> _What you should do_
From the first line to the last, please reproduce the material exactly, skipping the pictures.

> _Provided data_
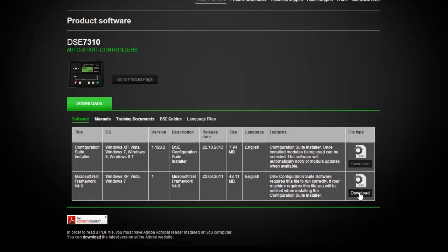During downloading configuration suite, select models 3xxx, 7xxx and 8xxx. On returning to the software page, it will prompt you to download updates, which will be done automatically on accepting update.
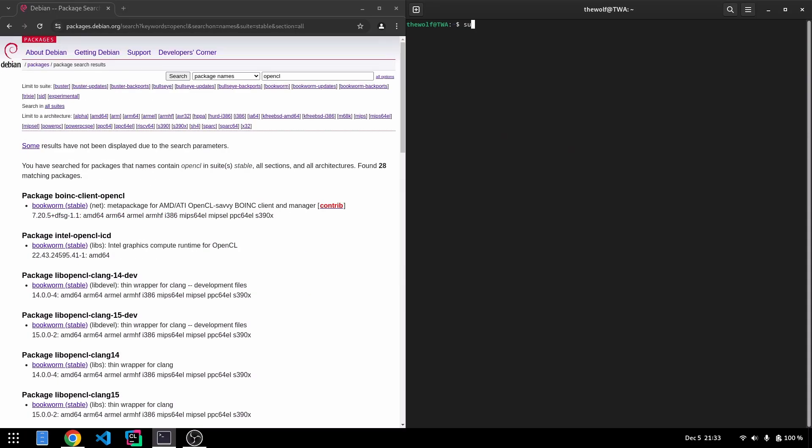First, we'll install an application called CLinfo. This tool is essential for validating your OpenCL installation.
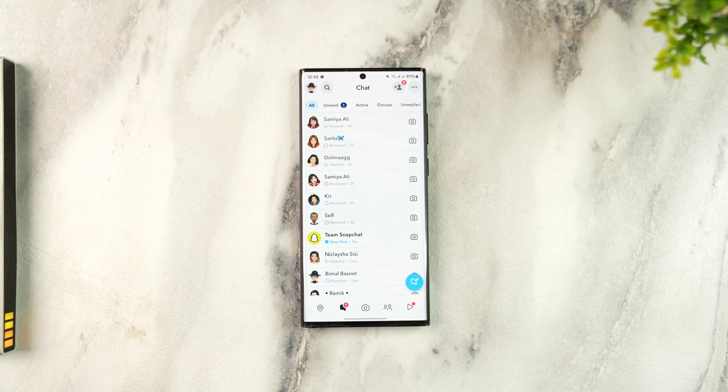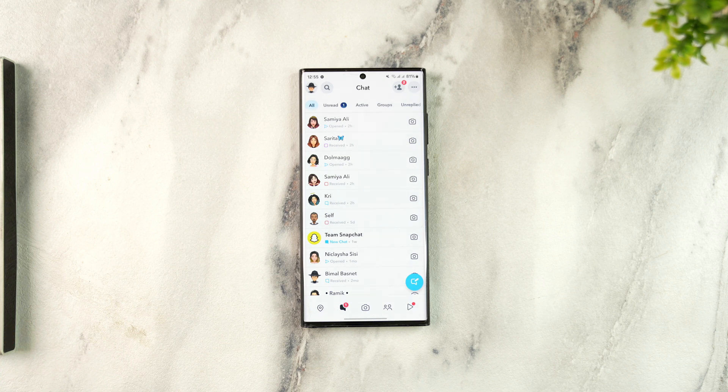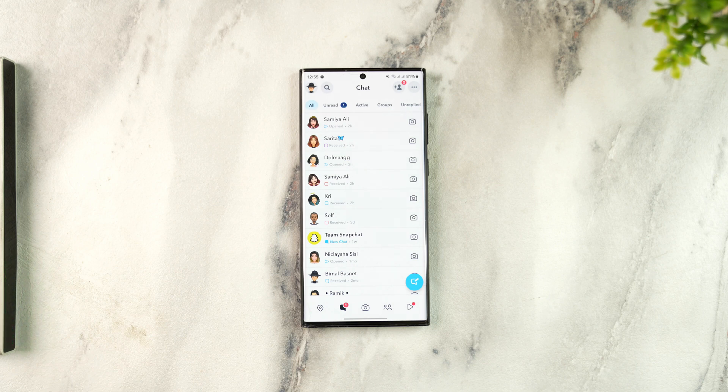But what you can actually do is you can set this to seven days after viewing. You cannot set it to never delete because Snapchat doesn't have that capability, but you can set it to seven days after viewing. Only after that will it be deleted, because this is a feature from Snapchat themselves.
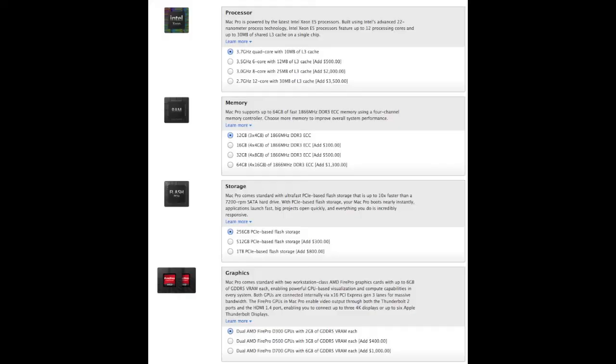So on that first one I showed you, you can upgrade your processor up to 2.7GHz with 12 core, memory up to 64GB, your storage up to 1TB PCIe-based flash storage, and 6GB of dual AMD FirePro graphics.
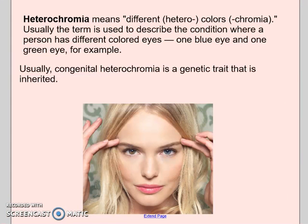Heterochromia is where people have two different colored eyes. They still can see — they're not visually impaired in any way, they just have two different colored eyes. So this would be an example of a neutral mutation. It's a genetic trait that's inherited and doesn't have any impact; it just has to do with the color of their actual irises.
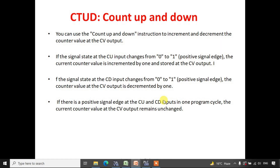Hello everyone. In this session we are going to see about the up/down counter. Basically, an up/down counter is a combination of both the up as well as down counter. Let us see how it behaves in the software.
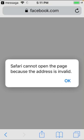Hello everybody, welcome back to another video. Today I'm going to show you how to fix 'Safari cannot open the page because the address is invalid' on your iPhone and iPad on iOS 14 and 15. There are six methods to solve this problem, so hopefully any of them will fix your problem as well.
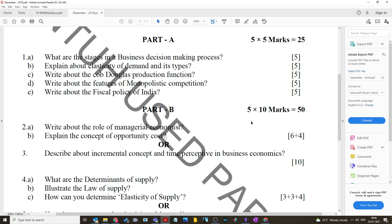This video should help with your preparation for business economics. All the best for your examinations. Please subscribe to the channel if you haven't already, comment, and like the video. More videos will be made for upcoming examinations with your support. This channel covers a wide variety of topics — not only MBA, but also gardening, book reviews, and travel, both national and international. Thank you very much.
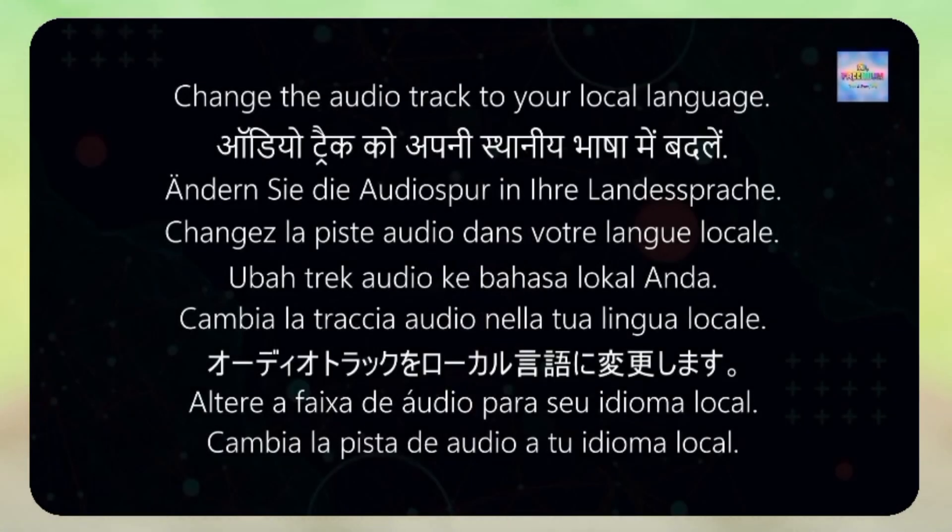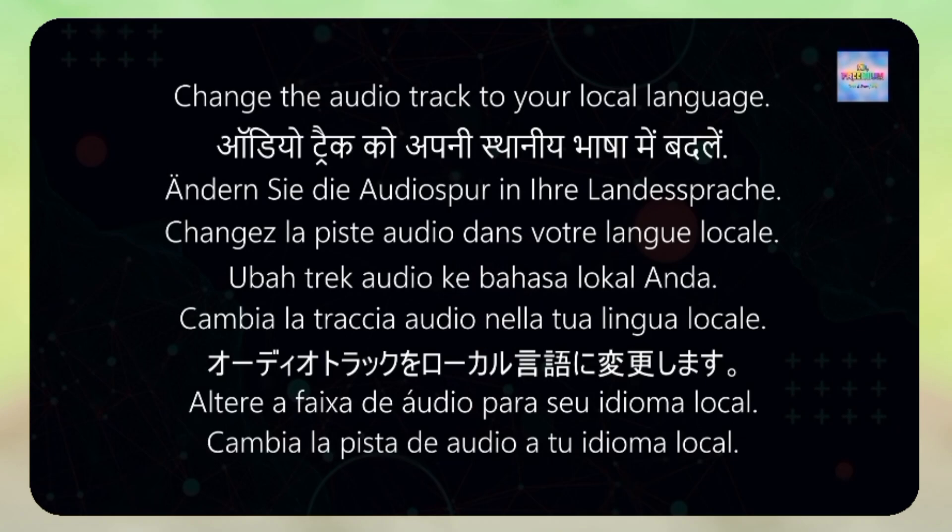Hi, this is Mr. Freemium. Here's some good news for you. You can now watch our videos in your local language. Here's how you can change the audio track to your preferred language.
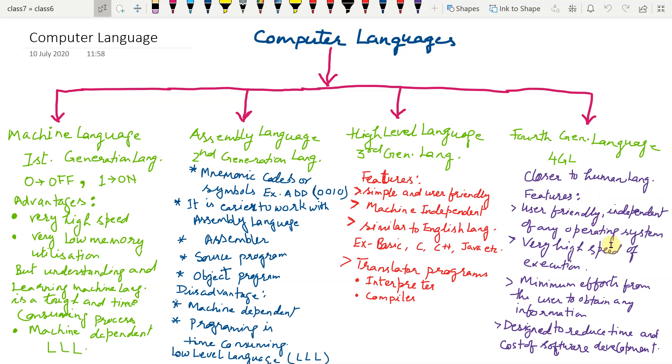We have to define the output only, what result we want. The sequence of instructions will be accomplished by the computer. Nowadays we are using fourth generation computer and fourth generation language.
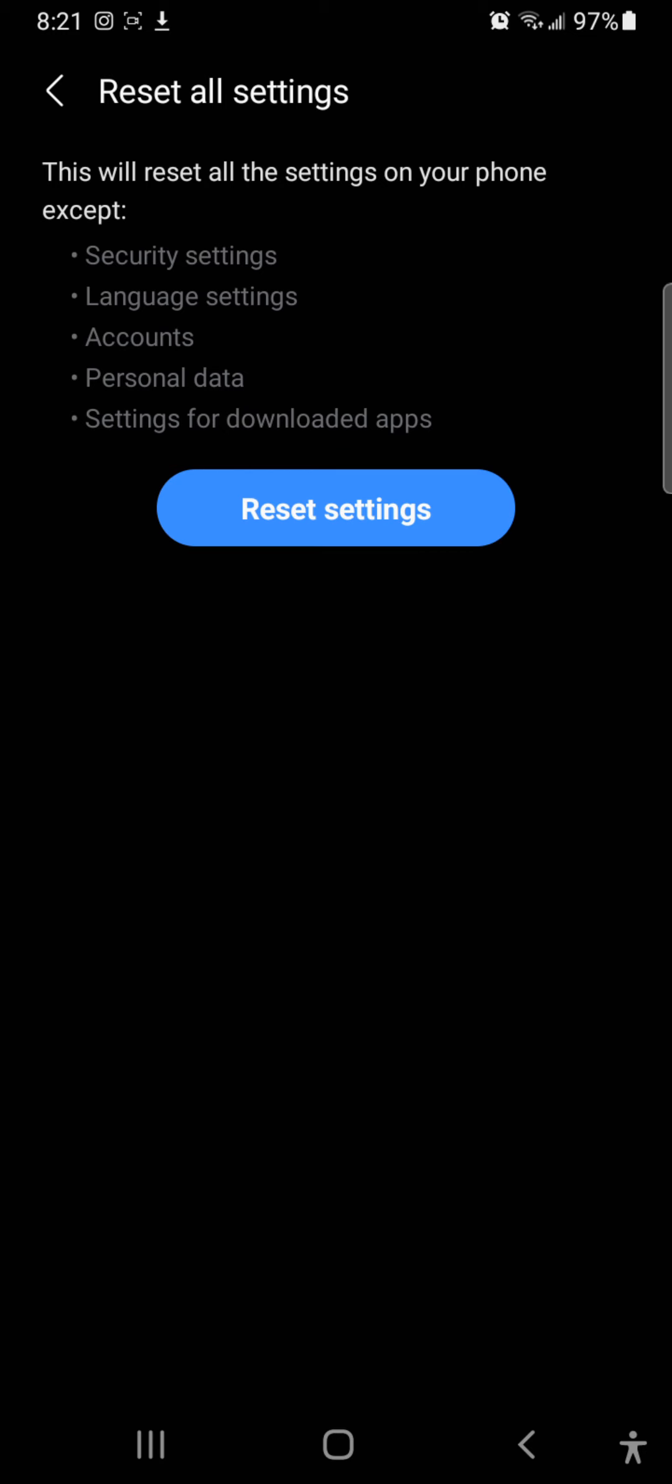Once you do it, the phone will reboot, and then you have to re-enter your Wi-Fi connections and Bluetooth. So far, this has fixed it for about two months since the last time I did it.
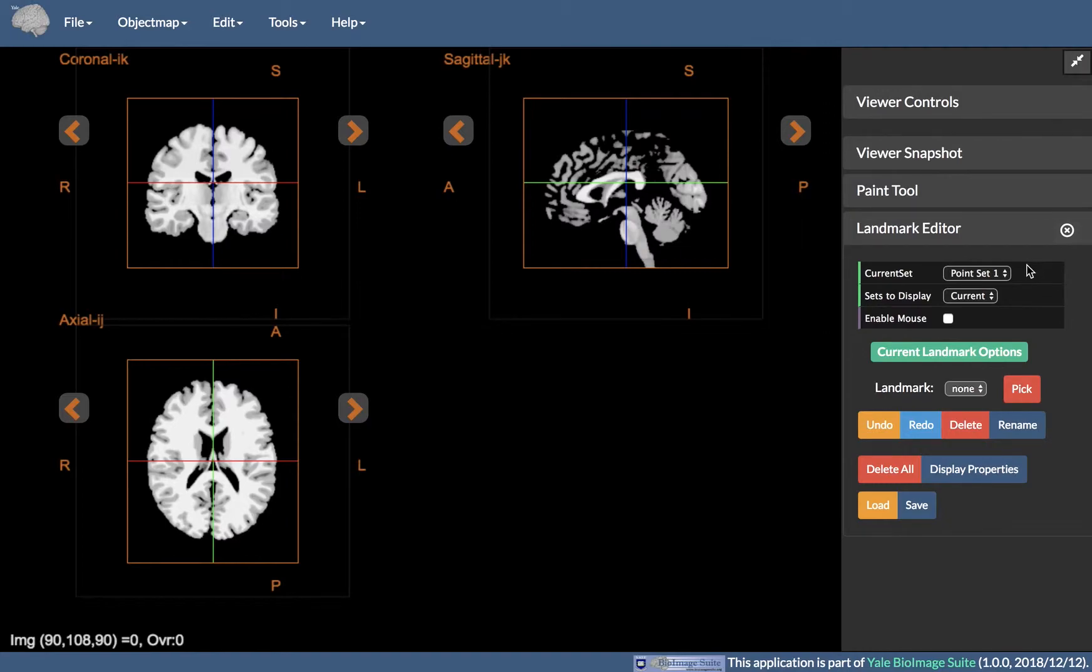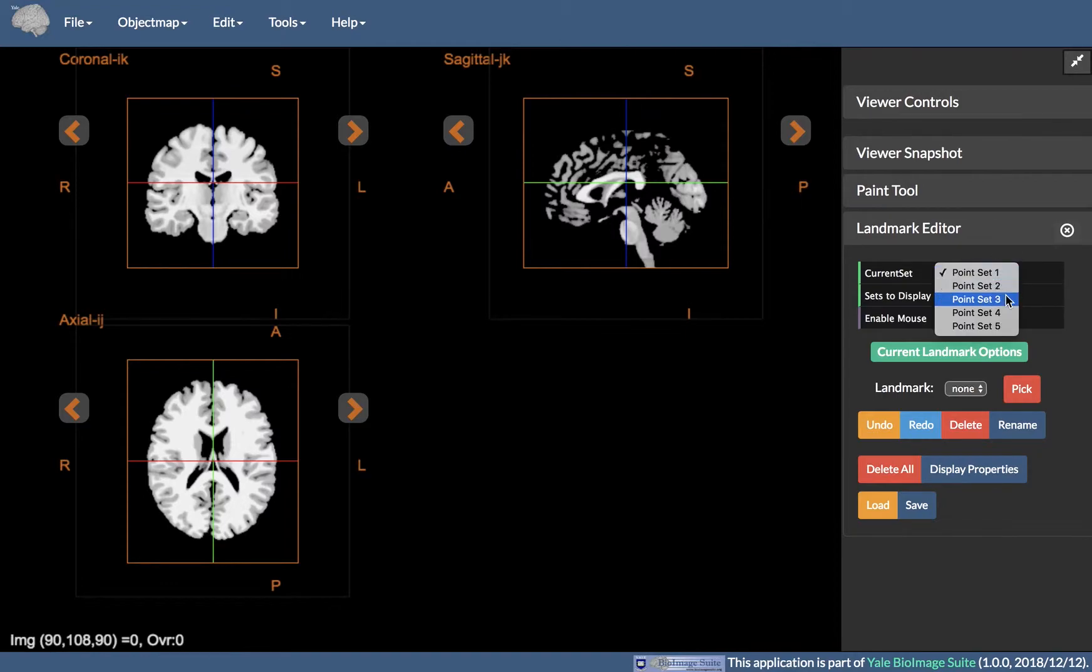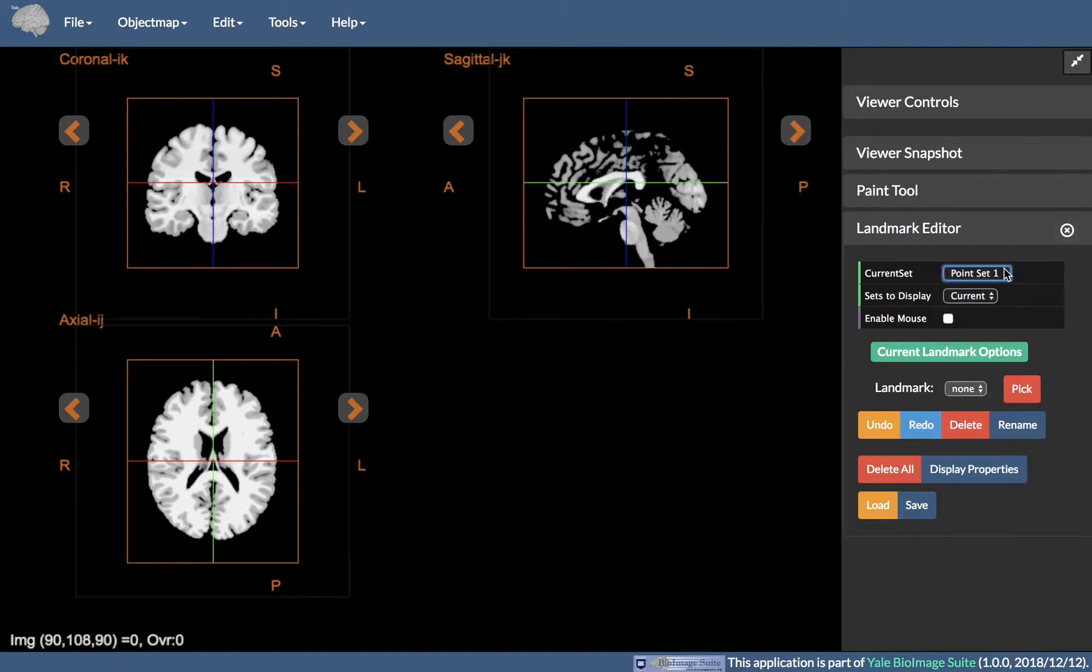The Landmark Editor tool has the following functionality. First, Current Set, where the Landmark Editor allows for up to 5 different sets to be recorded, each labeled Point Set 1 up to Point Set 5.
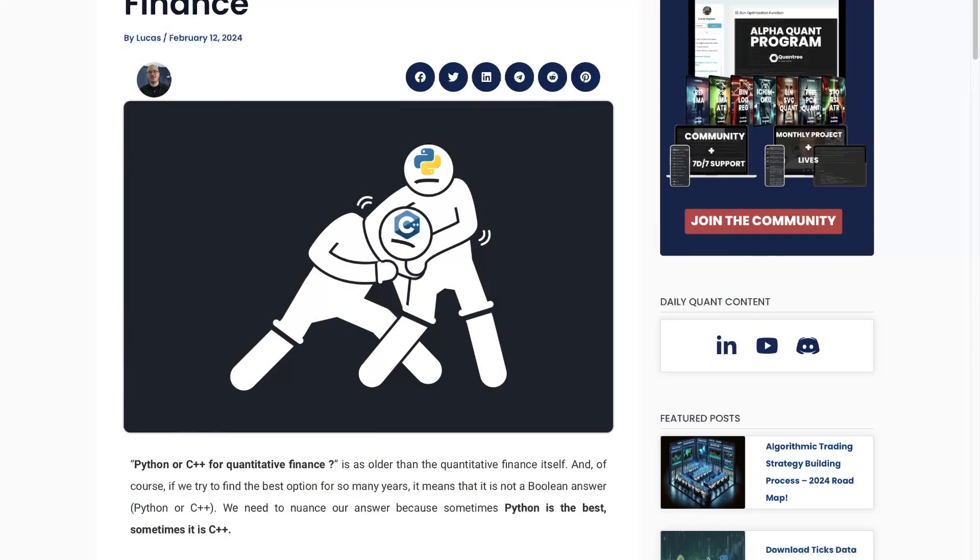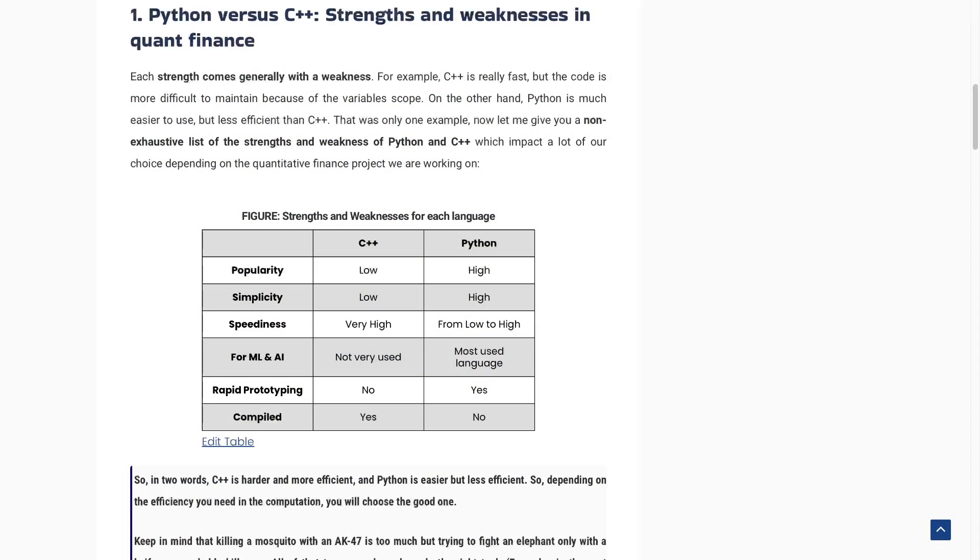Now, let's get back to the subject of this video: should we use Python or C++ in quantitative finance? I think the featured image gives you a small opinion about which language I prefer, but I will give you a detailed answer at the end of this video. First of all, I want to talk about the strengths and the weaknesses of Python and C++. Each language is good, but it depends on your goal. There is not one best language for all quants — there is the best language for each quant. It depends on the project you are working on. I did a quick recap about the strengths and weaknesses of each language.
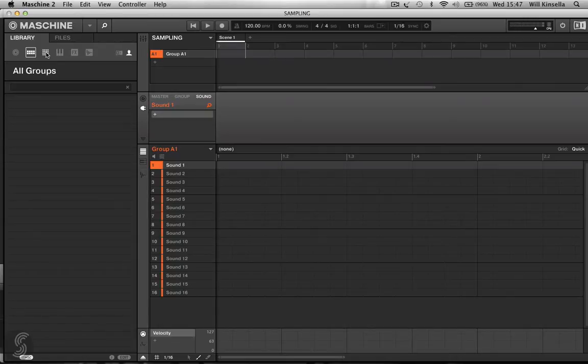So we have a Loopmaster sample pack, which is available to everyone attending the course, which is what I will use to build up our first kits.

> _Task solution_
During downloading configuration suite, select models 3xxx, 7xxx and 8xxx. On returning to the software page, it will prompt you to download updates, which will be done automatically on accepting update.
First, we'll install an application called CLinfo. This tool is essential for validating your OpenCL installation.
But what you can actually do is you can set this to seven days after viewing. You cannot set it to never delete because Snapchat doesn't have that capability, but you can set it to seven days after viewing. Only after that will it be deleted, because this is a feature from Snapchat themselves.
So on that first one I showed you, you can upgrade your processor up to 2.7GHz with 12 core, memory up to 64GB, your storage up to 1TB PCIe-based flash storage, and 6GB of dual AMD FirePro graphics.
Heterochromia is where people have two different colored eyes. They still can see — they're not visually impaired in any way, they just have two different colored eyes. So this would be an example of a neutral mutation. It's a genetic trait that's inherited and doesn't have any impact; it just has to do with the color of their actual irises.
Hello everyone. In this session we are going to see about the up/down counter. Basically, an up/down counter is a combination of both the up as well as down counter. Let us see how it behaves in the software.
Hello everybody, welcome back to another video. Today I'm going to show you how to fix 'Safari cannot open the page because the address is invalid' on your iPhone and iPad on iOS 14 and 15. There are six methods to solve this problem, so hopefully any of them will fix your problem as well.
This video should help with your preparation for business economics. All the best for your examinations. Please subscribe to the channel if you haven't already, comment, and like the video. More videos will be made for upcoming examinations with your support. This channel covers a wide variety of topics — not only MBA, but also gardening, book reviews, and travel, both national and international. Thank you very much.
Hi, this is Mr. Freemium. Here's some good news for you. You can now watch our videos in your local language. Here's how you can change the audio track to your preferred language.
We have to define the output only, what result we want. The sequence of instructions will be accomplished by the computer. Nowadays we are using fourth generation computer and fourth generation language.
Once you do it, the phone will reboot, and then you have to re-enter your Wi-Fi connections and Bluetooth. So far, this has fixed it for about two months since the last time I did it.
The Landmark Editor tool has the following functionality. First, Current Set, where the Landmark Editor allows for up to 5 different sets to be recorded, each labeled Point Set 1 up to Point Set 5.
Now, let's get back to the subject of this video: should we use Python or C++ in quantitative finance? I think the featured image gives you a small opinion about which language I prefer, but I will give you a detailed answer at the end of this video. First of all, I want to talk about the strengths and the weaknesses of Python and C++. Each language is good, but it depends on your goal. There is not one best language for all quants — there is the best language for each quant. It depends on the project you are working on. I did a quick recap about the strengths and weaknesses of each language.
So we have a Loopmaster sample pack, which is available to everyone attending the course, which is what I will use to build up our first kits.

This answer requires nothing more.